Low temperatures often depend on atmospheric conditions and the local topography. Calm conditions allow the temperatures to drop quickly after the sun goes down. You can track freezes with MSU’s Enviro-weather.

Radiation heating of the soil during a sunny day.
Radiation heating of the soil during a sunny day.

Radiation freezes are characterized by clear skies and dry air. Often the day is warm and pleasant when the sun is out. During the day, the ground absorbs heat from the sun and gets warmer. At night, the ground radiates this heat back to the sky. A layer of clouds can help trap the heat by absorbing this radiation at night and reradiating it back down to the surface. A clear night sky allows that heat energy to escape to the open sky. As the ground cools, it chills the layer of air above it. A lack of wind prevents mixing in the atmosphere so that the ground can cool a thicker and thicker layer to cooler and cooler temperatures. Temperatures near the ground can get very cold.

Many of the freezes that cause problems in Michigan are radiation freezes. These freezes can occur in winter or spring.
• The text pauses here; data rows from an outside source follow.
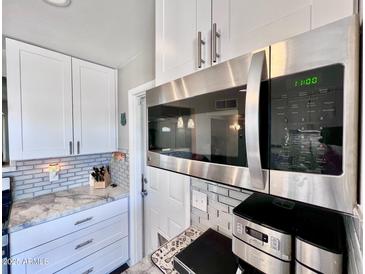 Well-lit kitchen featuring white cabinets, stainless steel microwave, and stylish countertops at 3328 W Charter Oak Rd, Phoenix, AZ 85029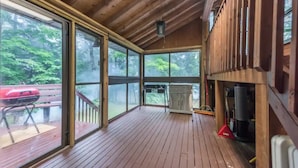 A covered wooden deck with large windows, a barbecue grill, and a fireplace. - Crystal Palace Cottage, Kawartha Lakes (Kinmount)
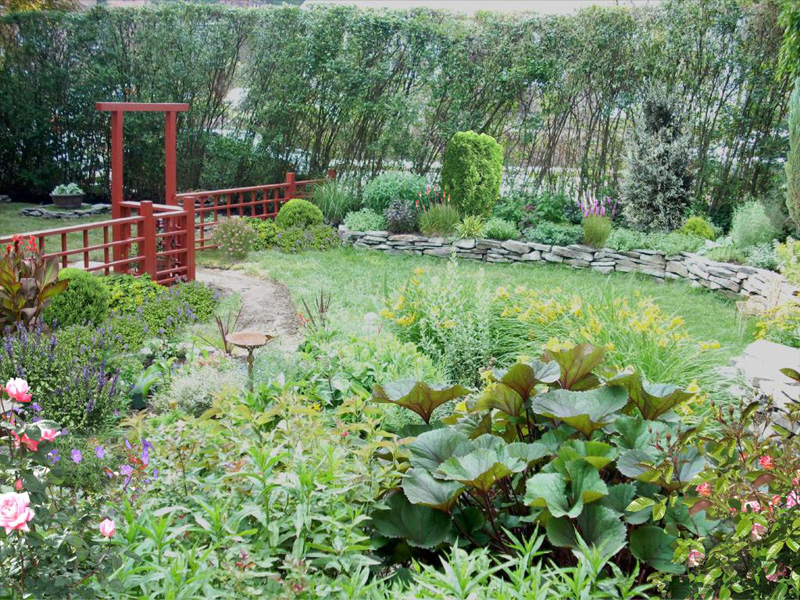 Backyard Landscaping Ideas - Japanese-Influenced Fence With Stone Walls and Perennials in Frazer - After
Radiation freezes often follow the passage of a cold front, preceding a mass of cool, dry air. There is a stormy period as the cold front moves through, followed by clearing and light winds. During the night, the ground cools by radiation to the sky. The cold ground chills the air close to the ground. This layer of cold air becomes thicker and thicker and a temperature gradient occurs between the cold air close to the ground and warmer air above it. Normally, warmer air is located near the ground and the air temperature falls as you rise upward in the atmosphere. In a radiation freeze, this is reversed and cold air is located close to the ground with a warm layer above it. This is called an inversion.

Inversion figure
Radiation cooling of the soil during a clear night and formation of a warm air inversion.
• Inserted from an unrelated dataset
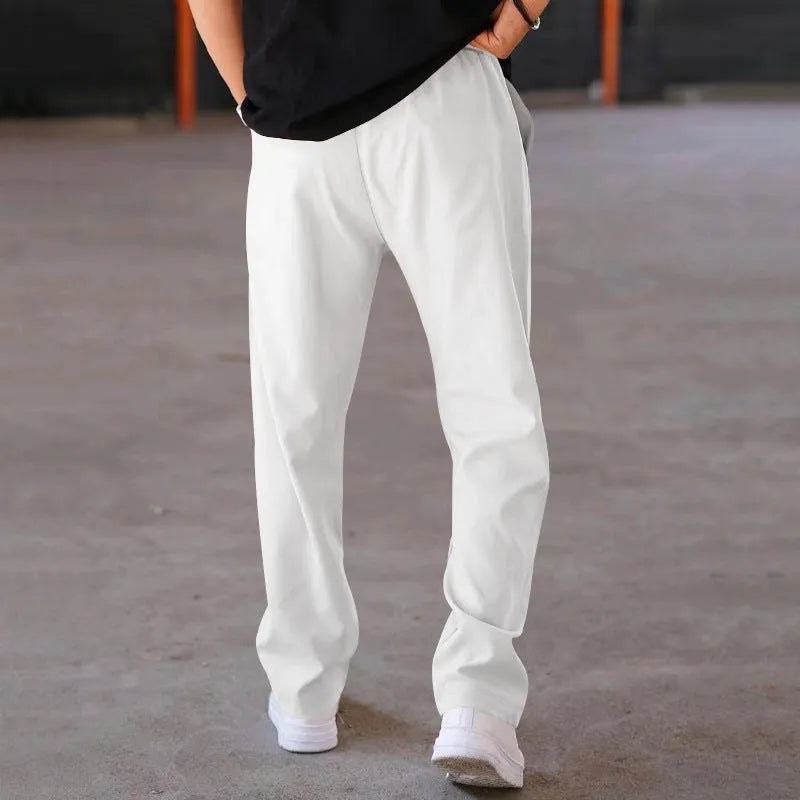 Men's loose straight drawstring trousers in waffle polyester fabric, shown in multiple colour options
Colder air is denser and heavier than warm air so it flows slowly downhill and fills low areas known as frost pockets. Air drainage is the movement of this cold air down slope. The movement of cold air down slope is slow and often a large mass of cold air is necessary to begin the flow. In southwest Michigan, areas that were located higher up on hills with good air drainage can often escape cold that damages lower areas or areas where cold air collects.

Cold air flow figure Frost pocket figure
Left, Cold, dense air flows downhill collecting in frost pockets. Right, Large domes of cold air can form above elevated plains causing extensive damage.

If there is a breeze or clouds, the conditions are not right for a radiation freeze. A wind will mix the colder air close to the ground with warmer air and help warm the ground below. Clouds are even more helpful since they will absorb the heat radiated to the sky and radiate it back down to the ground, warming the ground.

Breezy night figure Cloudy night figure
Left, Winds mix the air, warming the surface during the night. Right, Clouds help trap the heat, keeping the soil warm.

Radiation freezes can be very severe in the winter. When the ground is covered with snow, most of the sun’s heat is reflected immediately back to space and there is very little warming during the day. Cold day polar air can drop to very cold temperatures. Extreme winter cold in 2014 and 2015 with low temperatures down to -20 degrees Fahrenheit were due to radiation freezes during the night in cold dry air.

Michigan State University’s Enviro-weather is a powerful tool provided to growers and other interested in Michigan weather. I use it a lot in the spring and winter to look at frosts and freezing temperatures. By looking at the hours below freezing link on the station page, I can see how low the temperatures have been in southwest Michigan and where the low temperatures are. Often the lowest temperatures occur in the lowest areas in the region where cold air collects during a radiation freeze.

Southwest Michigan temperatures
Enviro-weather report for southwest Michigan on April 11, 2012. On this night, most fruit crops had already bloomed and would be damaged by temperatures below 28 F. Note the temperatures at the high elevations of SWMREC, Keeler and Lawton and compare with low points at Grand Junction and Teapot Dome. (Dowagiac station was activated in 2014).